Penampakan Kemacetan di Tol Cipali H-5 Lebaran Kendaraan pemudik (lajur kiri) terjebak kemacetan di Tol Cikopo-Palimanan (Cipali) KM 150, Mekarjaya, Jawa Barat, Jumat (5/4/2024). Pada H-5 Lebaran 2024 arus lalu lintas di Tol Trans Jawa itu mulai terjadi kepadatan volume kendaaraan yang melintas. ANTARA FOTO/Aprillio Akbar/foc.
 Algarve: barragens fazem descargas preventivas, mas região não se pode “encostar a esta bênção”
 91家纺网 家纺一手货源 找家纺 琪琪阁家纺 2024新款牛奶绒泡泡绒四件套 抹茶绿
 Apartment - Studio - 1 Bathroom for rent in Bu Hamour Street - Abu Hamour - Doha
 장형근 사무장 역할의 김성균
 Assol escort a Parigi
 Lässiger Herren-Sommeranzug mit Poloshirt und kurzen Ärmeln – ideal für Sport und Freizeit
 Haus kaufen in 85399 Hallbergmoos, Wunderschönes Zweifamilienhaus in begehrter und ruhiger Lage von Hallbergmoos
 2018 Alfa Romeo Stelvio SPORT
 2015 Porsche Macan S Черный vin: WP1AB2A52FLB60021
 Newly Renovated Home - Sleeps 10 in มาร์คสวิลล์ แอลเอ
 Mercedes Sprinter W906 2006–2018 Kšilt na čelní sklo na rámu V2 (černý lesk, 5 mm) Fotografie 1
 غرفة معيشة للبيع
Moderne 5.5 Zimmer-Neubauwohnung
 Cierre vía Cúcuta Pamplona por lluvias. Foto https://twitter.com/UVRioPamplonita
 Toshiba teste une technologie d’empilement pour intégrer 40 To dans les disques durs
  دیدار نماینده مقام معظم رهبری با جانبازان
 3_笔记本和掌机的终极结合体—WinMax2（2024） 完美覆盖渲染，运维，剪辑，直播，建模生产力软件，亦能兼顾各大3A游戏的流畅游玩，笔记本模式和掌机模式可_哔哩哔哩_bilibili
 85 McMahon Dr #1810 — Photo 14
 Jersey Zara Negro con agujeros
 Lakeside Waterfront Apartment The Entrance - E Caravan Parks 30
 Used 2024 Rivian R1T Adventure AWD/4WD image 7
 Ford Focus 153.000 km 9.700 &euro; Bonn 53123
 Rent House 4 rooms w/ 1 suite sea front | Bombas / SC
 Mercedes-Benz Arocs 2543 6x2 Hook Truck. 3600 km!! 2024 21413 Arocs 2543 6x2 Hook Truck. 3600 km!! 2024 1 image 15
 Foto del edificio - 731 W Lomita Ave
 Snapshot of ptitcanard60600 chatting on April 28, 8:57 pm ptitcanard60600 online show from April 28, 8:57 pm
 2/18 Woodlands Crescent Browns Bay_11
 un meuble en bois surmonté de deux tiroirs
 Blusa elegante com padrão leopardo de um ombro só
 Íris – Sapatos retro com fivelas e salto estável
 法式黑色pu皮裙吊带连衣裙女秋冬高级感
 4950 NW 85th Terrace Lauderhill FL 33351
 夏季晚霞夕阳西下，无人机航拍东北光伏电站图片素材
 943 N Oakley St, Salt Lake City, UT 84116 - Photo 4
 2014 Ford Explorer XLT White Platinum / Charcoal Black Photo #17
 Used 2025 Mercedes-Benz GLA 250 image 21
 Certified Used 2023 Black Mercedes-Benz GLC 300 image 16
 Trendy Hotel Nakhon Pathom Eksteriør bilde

+++++

**YOUR TASK**
Reading down the material above, count how many lines contain the word "Photo". Respond with the number by itself.

**OUTPUT OF THE TASK**
3